Richard and Lisa Garvey Williams, who had bought this land with a view to opening a holiday retreat, had been obliged to abandon their project. The price they were asking for the land was, we thought, very fair and at some point during our stay Linda and I looked at one another.
We can do this, we thought.
Over a couple of days we arranged the money over the (GarveyWilliams’) telephone, something called an equity release loan, using our house in Lancaster as collateral, and that was it, done. We owned an olive grove: no house, no water and the track from the village barely passable, but beautiful, beautiful.
So, after a year back in England, having sold our Lancaster house, given over our jobs/commitments and said a temporary farewell to friends and family- we are hoping for a stream of visitors- and here we are again, bumping down the track from the village.
Nobody has been on the land for over a year and it feels a bit like Sleeping Beauty’s castle, overgrown with burnt brown prickly stuff. The unpruned olive trees, green and shaggy, hang over the virtually invisible track and swags of green olives brush over the windscreen of the car as we nose through the undergrowth.

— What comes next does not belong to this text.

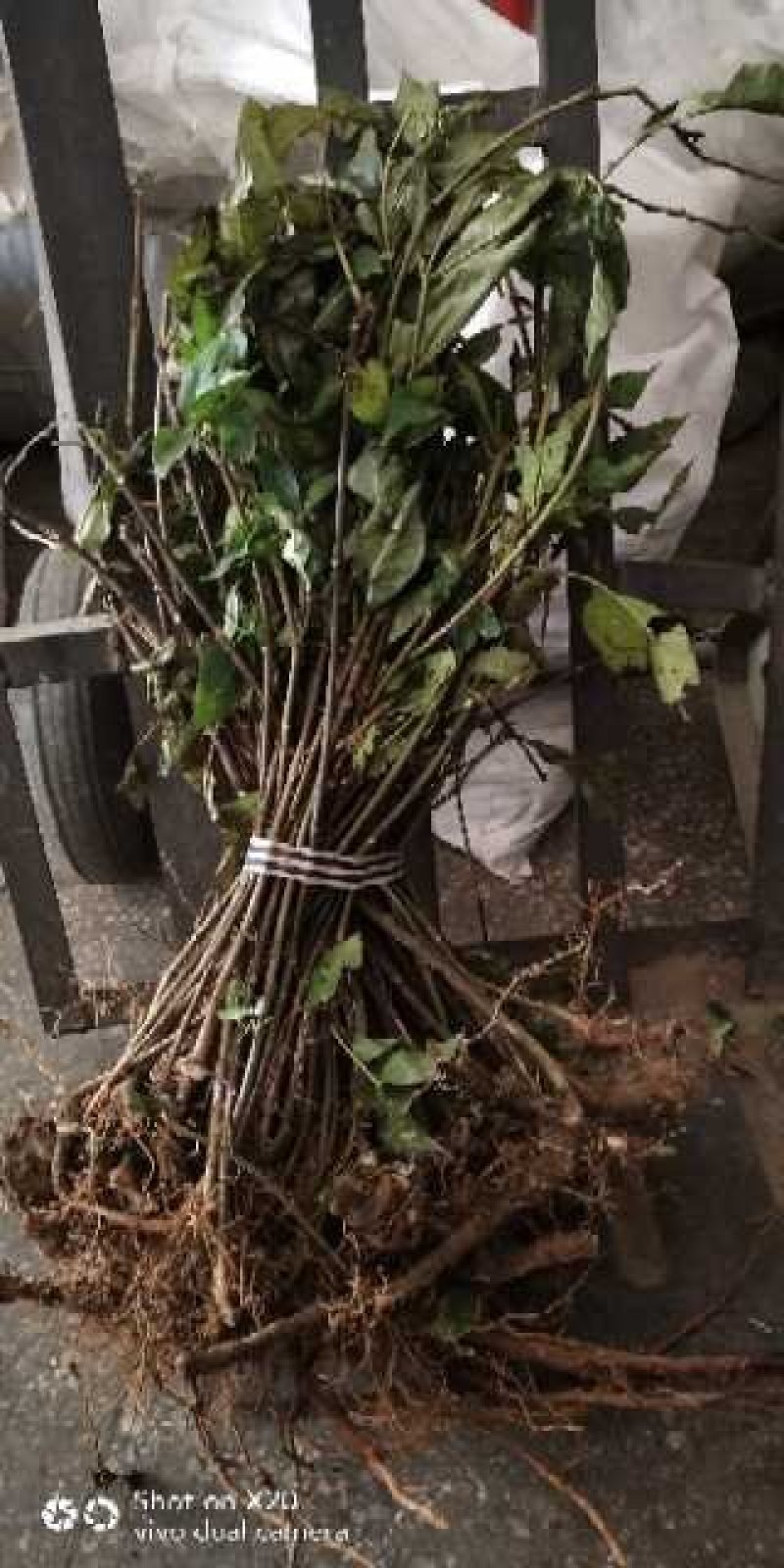吴茱萸苗死苗补种送生根粉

Just inside the rusty gate to the land we spot a tap wired to the trunk of a tree. A whole year has passed since we received a letter from the mayor authorising our water supply and we have been negotiating with a local engineer by email to get a connection to the village tank. The pipe was connected yesterday, we gather later.

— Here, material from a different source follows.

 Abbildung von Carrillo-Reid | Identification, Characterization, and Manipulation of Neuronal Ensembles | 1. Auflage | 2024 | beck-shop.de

Getting out of the car we turn on the tap and water gushes out almost hot. Quite remarkable. We laugh out loud.
Unpacking the car on the same terrace where we camped last year, we make a cup of tea with the new water. Below us we notice that there is fruit on the fig tree and most of the figs are ripe. We split open the soft fruit and lick out the strange red flesh, like people in a DH Lawrence novel.
Almost all of these pieces were typed on a computer at an internet café in Kalamata and sent off directly to the editor of the newspaper. The other machines in the café were given over to computer games and the local boys were enthusiastic players, so the atmosphere tended to be frenetic. I didn’t often make notes beforehand. This partly explains the slightly fractured style.
It was only much later that we got an internet connection at the house.